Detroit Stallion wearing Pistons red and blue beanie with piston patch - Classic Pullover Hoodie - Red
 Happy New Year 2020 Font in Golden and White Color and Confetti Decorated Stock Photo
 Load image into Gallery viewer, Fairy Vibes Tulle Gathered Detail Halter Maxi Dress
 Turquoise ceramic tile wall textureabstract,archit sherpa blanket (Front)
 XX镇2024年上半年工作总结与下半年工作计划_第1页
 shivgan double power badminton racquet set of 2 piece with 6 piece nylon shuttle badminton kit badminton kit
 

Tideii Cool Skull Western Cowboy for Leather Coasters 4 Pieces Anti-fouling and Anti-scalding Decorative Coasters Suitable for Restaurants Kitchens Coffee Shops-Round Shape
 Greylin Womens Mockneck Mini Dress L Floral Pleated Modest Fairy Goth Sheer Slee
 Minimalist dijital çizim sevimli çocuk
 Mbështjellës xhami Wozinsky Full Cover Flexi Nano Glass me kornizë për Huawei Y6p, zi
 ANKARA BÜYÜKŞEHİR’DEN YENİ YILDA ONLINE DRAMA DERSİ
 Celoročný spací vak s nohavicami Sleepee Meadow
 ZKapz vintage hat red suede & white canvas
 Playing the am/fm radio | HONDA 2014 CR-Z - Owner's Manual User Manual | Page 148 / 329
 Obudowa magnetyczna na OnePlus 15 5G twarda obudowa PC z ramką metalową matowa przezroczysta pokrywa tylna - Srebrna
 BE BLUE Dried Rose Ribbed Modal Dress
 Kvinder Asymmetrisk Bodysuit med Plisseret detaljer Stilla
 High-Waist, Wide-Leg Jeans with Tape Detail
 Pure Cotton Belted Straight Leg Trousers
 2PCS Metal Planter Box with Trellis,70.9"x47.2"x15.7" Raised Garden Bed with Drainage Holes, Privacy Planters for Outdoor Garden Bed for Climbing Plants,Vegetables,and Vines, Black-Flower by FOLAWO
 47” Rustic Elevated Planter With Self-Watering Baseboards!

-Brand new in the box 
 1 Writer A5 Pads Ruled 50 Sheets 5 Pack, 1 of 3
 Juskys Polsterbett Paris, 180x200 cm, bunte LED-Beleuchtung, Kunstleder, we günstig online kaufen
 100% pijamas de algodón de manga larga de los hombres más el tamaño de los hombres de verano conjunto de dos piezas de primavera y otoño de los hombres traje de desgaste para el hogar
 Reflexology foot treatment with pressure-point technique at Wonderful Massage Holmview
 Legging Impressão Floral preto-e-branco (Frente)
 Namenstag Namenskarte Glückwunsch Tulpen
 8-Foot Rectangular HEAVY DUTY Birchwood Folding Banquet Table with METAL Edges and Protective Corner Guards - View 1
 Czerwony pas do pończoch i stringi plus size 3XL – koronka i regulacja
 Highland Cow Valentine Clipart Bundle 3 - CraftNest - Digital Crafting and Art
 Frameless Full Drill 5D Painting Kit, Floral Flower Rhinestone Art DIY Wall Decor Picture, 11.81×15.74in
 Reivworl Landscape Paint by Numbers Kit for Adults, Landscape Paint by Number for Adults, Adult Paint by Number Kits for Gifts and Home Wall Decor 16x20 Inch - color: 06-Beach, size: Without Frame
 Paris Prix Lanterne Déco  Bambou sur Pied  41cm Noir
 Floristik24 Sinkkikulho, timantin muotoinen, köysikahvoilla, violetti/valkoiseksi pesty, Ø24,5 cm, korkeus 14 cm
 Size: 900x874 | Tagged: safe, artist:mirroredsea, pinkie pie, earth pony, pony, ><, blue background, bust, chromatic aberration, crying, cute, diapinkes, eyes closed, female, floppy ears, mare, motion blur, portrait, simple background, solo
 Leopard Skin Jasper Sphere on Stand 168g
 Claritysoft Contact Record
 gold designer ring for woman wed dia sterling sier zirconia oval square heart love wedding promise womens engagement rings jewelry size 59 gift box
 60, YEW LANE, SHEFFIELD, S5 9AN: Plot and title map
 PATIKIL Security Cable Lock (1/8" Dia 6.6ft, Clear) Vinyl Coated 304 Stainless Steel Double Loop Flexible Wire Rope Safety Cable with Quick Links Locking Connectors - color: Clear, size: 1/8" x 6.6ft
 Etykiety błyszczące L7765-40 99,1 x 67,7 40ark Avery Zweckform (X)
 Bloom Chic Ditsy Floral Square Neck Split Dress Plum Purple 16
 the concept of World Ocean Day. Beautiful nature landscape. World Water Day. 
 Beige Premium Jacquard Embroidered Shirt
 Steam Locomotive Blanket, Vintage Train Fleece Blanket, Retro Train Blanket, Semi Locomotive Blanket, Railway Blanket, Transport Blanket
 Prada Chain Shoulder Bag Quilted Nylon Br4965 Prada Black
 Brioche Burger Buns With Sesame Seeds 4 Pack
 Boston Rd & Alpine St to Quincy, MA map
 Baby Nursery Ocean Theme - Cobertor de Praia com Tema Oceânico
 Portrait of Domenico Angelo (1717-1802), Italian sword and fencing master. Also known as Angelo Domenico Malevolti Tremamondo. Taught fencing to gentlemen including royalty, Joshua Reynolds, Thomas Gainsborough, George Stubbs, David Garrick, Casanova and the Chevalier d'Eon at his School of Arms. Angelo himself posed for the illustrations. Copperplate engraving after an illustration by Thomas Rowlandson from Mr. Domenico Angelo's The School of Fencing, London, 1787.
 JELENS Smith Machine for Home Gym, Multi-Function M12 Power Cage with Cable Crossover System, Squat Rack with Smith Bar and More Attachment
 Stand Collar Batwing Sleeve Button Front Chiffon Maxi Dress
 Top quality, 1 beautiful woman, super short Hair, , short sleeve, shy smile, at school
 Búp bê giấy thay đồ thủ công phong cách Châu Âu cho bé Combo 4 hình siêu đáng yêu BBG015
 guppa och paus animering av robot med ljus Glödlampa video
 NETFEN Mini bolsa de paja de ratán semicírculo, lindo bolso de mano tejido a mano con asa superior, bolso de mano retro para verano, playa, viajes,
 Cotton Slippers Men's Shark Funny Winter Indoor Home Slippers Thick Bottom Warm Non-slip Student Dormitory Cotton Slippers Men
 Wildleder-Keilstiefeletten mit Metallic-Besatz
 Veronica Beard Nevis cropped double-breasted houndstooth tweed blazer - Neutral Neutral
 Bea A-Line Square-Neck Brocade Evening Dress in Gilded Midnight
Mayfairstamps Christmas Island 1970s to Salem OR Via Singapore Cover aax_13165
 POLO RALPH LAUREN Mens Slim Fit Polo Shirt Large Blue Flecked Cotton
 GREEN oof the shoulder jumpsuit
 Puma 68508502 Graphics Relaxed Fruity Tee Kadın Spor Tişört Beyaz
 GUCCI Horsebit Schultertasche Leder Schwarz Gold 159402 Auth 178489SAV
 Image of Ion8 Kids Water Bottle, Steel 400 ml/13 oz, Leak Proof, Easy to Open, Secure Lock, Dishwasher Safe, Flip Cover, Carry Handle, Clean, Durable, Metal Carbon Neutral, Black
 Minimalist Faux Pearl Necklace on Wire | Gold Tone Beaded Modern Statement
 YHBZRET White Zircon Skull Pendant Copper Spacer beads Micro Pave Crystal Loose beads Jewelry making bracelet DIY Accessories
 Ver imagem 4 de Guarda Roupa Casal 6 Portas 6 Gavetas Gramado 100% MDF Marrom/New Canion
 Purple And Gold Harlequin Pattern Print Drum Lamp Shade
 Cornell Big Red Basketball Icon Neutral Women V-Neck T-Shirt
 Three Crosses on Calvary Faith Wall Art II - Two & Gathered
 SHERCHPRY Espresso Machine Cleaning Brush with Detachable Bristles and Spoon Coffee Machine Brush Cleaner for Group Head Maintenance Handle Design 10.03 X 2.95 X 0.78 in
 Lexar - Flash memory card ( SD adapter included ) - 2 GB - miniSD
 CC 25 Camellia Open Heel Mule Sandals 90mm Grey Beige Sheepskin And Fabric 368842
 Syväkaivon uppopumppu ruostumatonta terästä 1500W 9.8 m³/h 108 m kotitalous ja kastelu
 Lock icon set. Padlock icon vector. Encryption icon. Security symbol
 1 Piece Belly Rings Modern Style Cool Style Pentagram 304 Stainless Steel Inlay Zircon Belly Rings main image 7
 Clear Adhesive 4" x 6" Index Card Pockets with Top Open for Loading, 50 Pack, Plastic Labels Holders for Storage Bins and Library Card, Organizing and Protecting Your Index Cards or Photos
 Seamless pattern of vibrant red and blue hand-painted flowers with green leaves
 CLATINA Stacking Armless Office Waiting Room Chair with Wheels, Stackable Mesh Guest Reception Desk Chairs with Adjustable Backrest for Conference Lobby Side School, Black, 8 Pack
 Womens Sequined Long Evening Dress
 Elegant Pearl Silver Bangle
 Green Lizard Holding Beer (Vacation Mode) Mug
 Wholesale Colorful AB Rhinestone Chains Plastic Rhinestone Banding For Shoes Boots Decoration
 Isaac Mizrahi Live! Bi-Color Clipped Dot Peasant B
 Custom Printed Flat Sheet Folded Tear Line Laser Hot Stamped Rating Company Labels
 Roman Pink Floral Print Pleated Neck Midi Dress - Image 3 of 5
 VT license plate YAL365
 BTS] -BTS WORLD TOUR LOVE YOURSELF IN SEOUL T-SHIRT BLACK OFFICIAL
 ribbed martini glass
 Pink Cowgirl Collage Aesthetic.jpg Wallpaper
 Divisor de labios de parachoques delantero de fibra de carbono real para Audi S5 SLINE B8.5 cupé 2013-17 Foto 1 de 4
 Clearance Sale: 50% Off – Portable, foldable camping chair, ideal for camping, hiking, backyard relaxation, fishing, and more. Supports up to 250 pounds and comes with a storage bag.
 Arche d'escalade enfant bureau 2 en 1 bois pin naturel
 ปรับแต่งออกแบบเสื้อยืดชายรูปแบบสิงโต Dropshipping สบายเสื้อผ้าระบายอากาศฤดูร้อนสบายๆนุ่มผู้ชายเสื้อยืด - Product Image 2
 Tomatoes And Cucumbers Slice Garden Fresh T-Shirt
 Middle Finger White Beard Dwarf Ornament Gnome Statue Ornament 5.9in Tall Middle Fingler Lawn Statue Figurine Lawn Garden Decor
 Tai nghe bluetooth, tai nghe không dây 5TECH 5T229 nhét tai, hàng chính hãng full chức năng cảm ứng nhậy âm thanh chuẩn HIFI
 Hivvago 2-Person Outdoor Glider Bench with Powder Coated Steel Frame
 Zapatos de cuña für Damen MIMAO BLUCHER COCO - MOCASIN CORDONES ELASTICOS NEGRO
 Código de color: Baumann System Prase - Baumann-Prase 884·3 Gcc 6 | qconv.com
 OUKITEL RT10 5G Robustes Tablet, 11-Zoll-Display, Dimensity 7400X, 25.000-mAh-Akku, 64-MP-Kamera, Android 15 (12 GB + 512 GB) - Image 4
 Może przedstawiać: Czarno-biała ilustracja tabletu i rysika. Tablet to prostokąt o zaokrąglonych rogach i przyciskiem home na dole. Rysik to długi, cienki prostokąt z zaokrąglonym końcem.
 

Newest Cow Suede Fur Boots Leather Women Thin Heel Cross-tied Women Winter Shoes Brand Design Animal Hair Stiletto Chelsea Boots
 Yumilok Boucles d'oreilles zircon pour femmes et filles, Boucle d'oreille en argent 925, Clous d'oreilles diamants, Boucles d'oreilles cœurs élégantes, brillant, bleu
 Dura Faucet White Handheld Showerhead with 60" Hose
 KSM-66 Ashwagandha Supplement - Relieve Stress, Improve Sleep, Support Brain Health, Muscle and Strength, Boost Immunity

■ Exercise goal ■
In the listing above, find the line with "Custom Printed Flat" and the line with "Divisor de labios", then print exactly those lines and every line between them.

■ Task answer ■
 Custom Printed Flat Sheet Folded Tear Line Laser Hot Stamped Rating Company Labels
 Roman Pink Floral Print Pleated Neck Midi Dress - Image 3 of 5
 VT license plate YAL365
 BTS] -BTS WORLD TOUR LOVE YOURSELF IN SEOUL T-SHIRT BLACK OFFICIAL
 ribbed martini glass
 Pink Cowgirl Collage Aesthetic.jpg Wallpaper
 Divisor de labios de parachoques delantero de fibra de carbono real para Audi S5 SLINE B8.5 cupé 2013-17 Foto 1 de 4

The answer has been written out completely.